Große Show braucht Springsteen nicht. Die Scheinwerfer setzten erst bei Dämmerung ein, blieben aber im Hintergrund, im Publikumsbereich blieb es hell. Auf den perfekt eingestellten Videowalls war bis hinten jede Mimik Springsteens zu erkennen. "Seid gut zu euch selbst, zu den Menschen, die ihr liebt und zur Welt. Genießt den Moment", war eine der wenigen Botschaften, die Springsteen abseits seiner Hymnen nach Wien mitbrachte. Um das Publikum zum Klatschen, Winken, Singen zu bewegen brauchte der "Boss" oft nur einen Blick. Vor allem in der letzten halben Stunde standen sogar jene Fans mit Sitzplätzen.
Springsteen hat Stadionrock perfektioniert und kann sogar noch einen draufsetzen. Bei ihm funktionieren sogar Soul, Blues und Jazz vor Massenpublikum, die von den Mitgebrachten Bläsern - allen voran vom Saxofonisten Jake Clemons - mit großer Liebe zum Detail und mit großen Respekt vor der Geschichte dieser Genres dargebracht wurden. Beim Commodores-Cover "Nightshift" und beim blusig-jazzigen "Kitty’s Back" ernteten Bläser und Background-Sängerinnen begeisterten Zwischenapplaus.
Highlight des Abends? - "Because the Night"!
Auch sonst hatte die Setlist, die 26 Songs umfasste, nur Höhen. Egal ob Ballade oder absoluter Welthit. Die Masse hing an Springsteens Stimme, Harmonika und Gitarre.

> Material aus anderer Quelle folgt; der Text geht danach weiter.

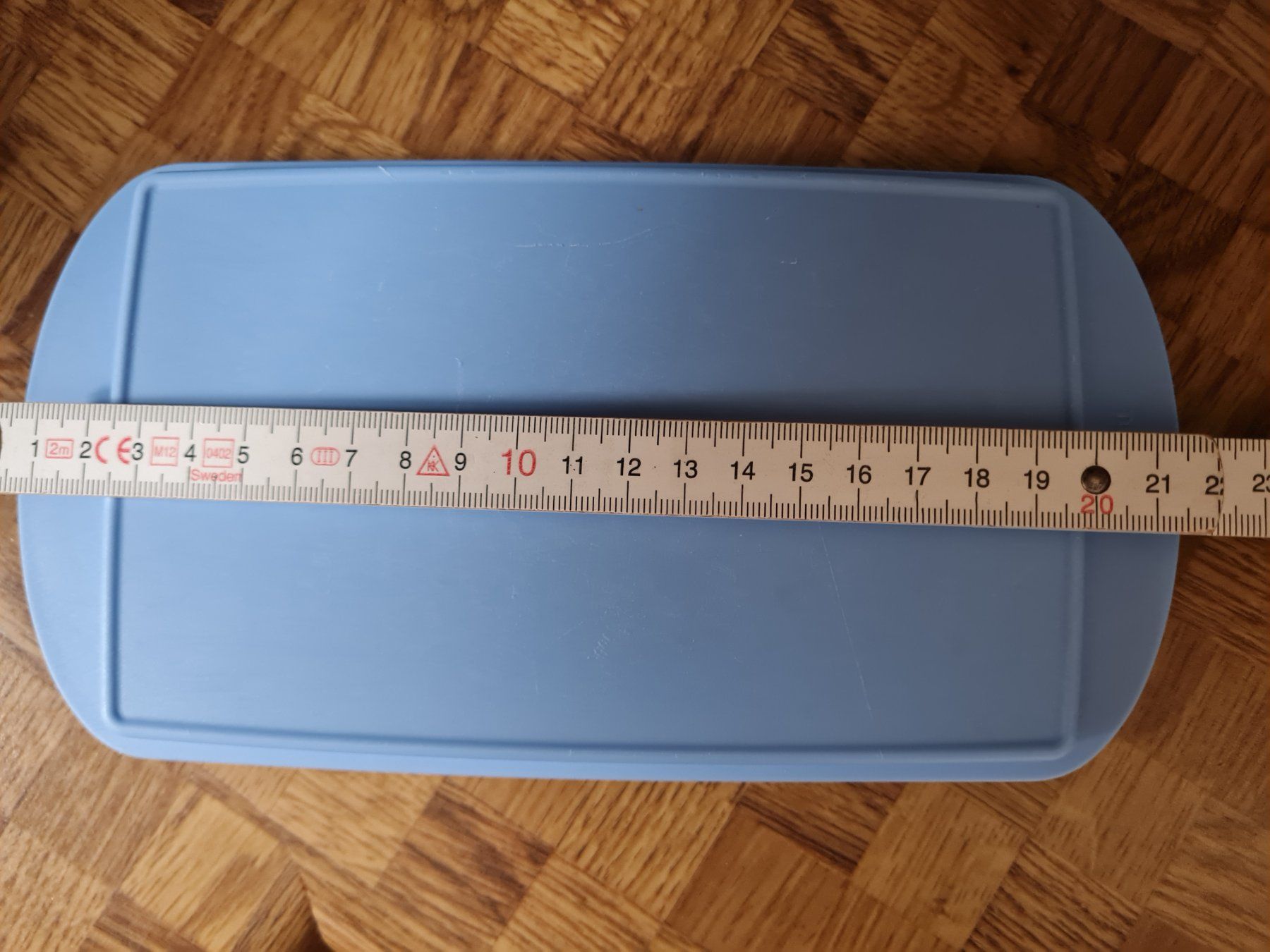 Tupperware Recipients et similaires: Tupperware,Butterfrisch-Haltebhälter neu hellblau, – Neuf (Voir description) à Münsingen par Cuci31 5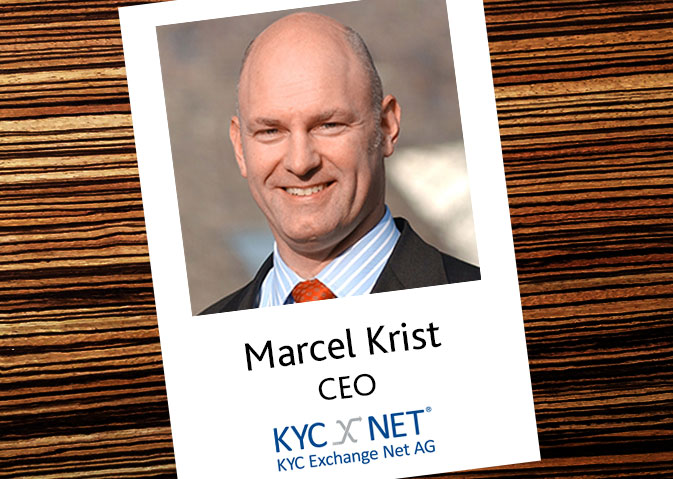 Interview mit Marcel Krist, KYC Exchange NET AG TME AG The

Bei "Last Man Standing", das Springsteen seinem mittlerweile verstorbenen Freund George widmete, mit dem er mit 15 Jahren seine erste Band gegründet hatte, gab sich Springsteen nachdenklich.
Die neueren Gassenhauer wie "Mary's Place" oder "Wrecking Ball" funktionierten genauso wie die Evergreens "Born to Run", "Glory Days" oder "Dancing in the Dark". Zu einem der vielen Highlights des Abends zählte "Because the Night", das Springsteen einst gemeinsam mit Patti Smith geschrieben hat. Passend zum Text setzte just bei dem Song die Dämmerung ein.
Schlussendlich entließ der "Boss" sein Publikum denkbar romantisch, aber auch traurig - mit einer Akustik-Solo-Version von "I'll See You in My Dreams". Ein Song an einen Verstorbenen.
Es ist zu hoffen, dass es nicht wieder elf Jahre dauert, bis der "Boss" und seine brillanten Musiker, die immer noch mit so viel Herzblut bei der Sache sind, Wien beehren.
Zusammenfassung
- Jung und Alt feierte am Dienstag zusammen im Wiener Ernst-Happel-Stadion Bruce Springsteen und seine E-Street-Band plus Bläser.
- "The Boss" hat Stadionrock perfektioniert, ohne dafür eine große Show zu brauchen.
- Im Mittelpunkt standen die Musik und das Leben im Moment.